Assignment:
Transcribe the whole listing below without changing a word, but leave out every image.

Given material:
——————

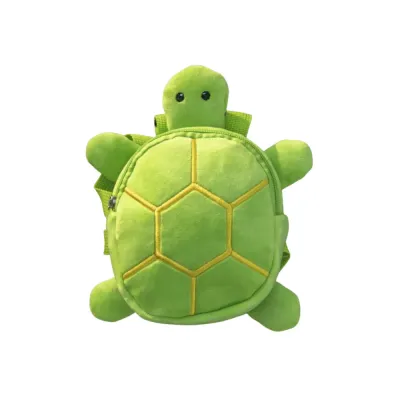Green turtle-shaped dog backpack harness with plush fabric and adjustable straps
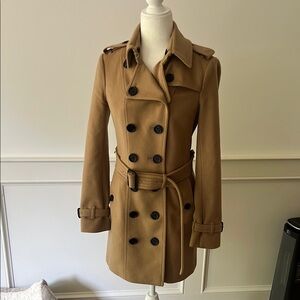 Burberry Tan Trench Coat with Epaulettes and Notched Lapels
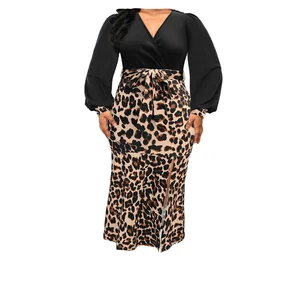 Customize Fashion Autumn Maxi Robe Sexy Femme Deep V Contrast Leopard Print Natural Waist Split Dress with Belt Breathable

——————

Answer to the exercise:
Green turtle-shaped dog backpack harness with plush fabric and adjustable straps
 Burberry Tan Trench Coat with Epaulettes and Notched Lapels
 Customize Fashion Autumn Maxi Robe Sexy Femme Deep V Contrast Leopard Print Natural Waist Split Dress with Belt Breathable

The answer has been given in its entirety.